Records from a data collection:
== Segment start ==

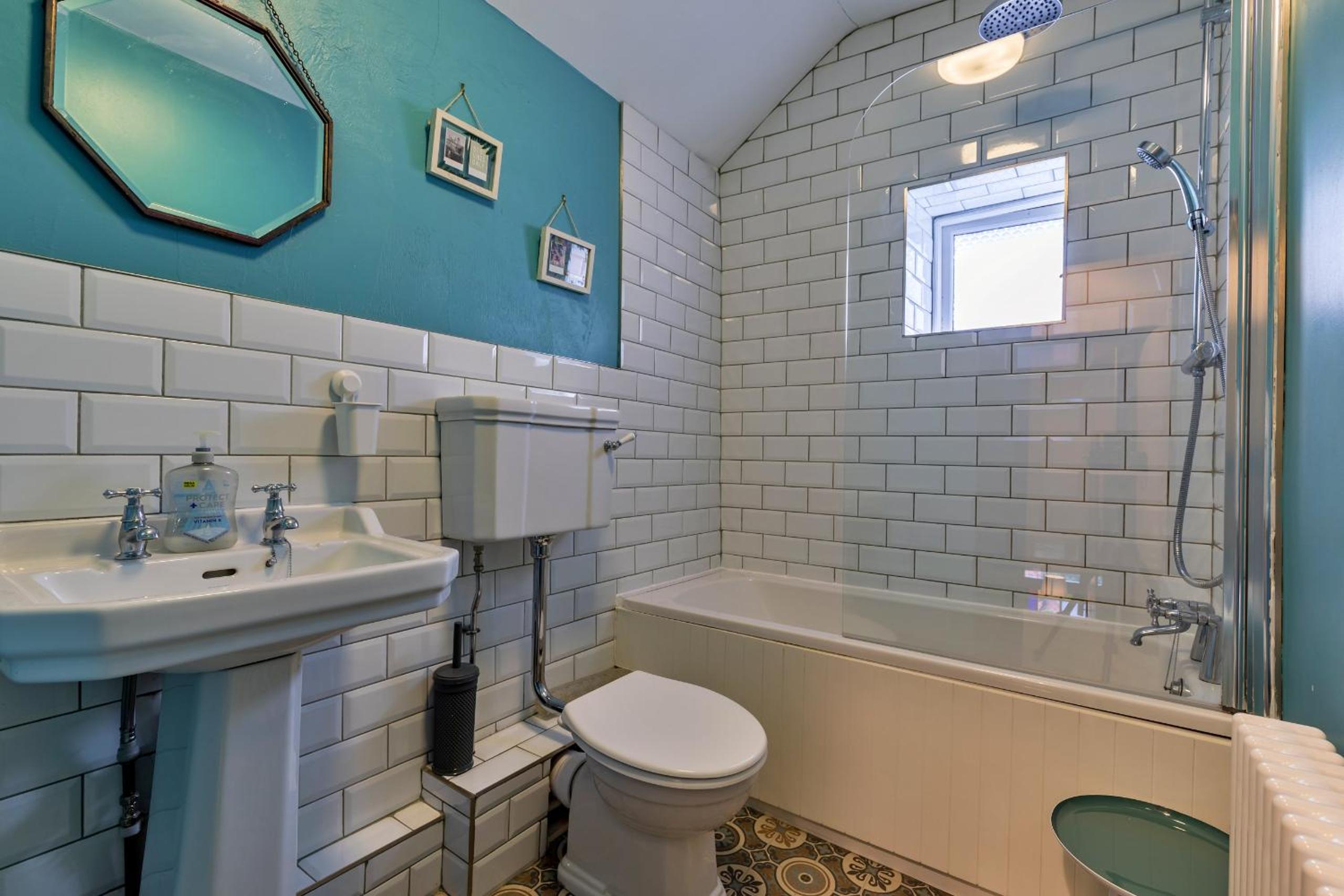 Finest Retreats - Spring Cottage
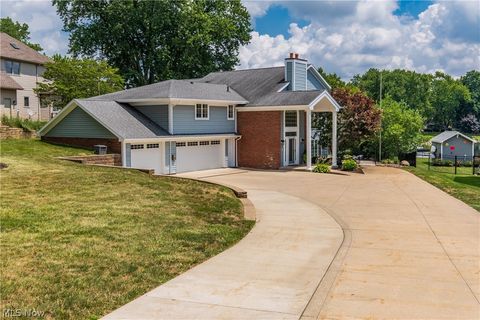 Homes For Sale - 5340 West Boulevard<br/> Canton, OH 44718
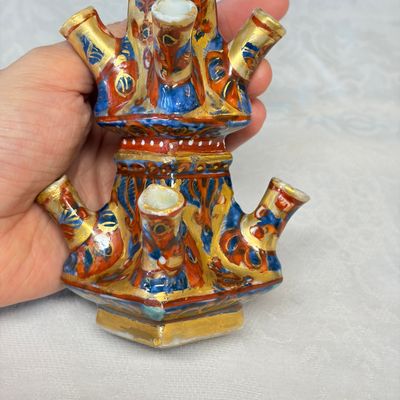 A rare pair of European-decorated Chinese blue and white pyramidal tulip vases — 照片 8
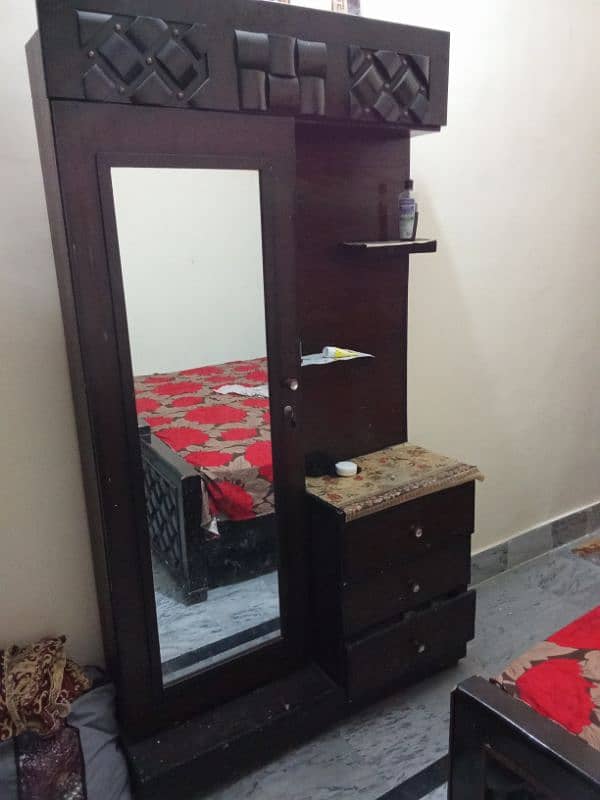 King Size bed , dressing and side tables 4
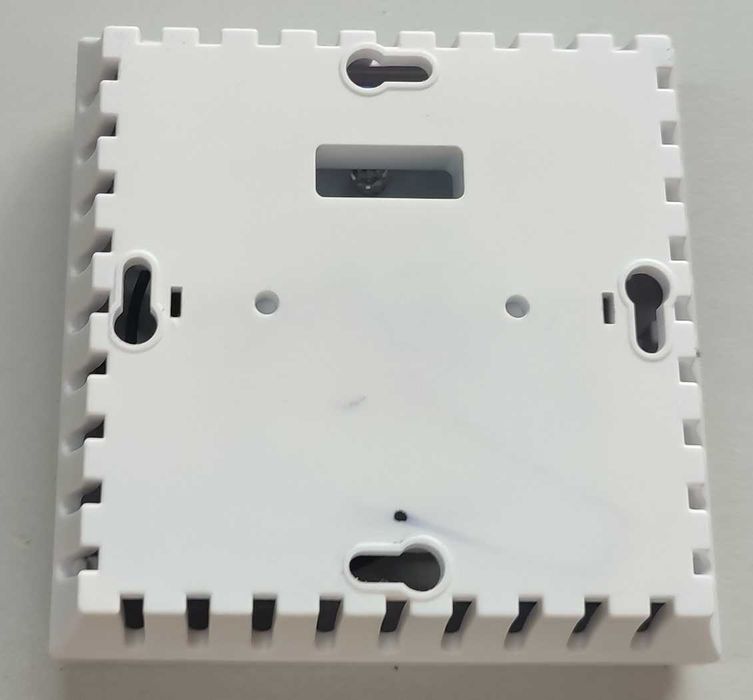 Детектор за газ, за известяване и защита на помещения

== Segment end ==

Problem.
I would like the lines from the one with "A rare pair" through the last line of the data above retyped exactly, with pictures left out, please.

Answer to this exercise.
 A rare pair of European-decorated Chinese blue and white pyramidal tulip vases — 照片 8
 King Size bed , dressing and side tables 4
 Детектор за газ, за известяване и защита на помещения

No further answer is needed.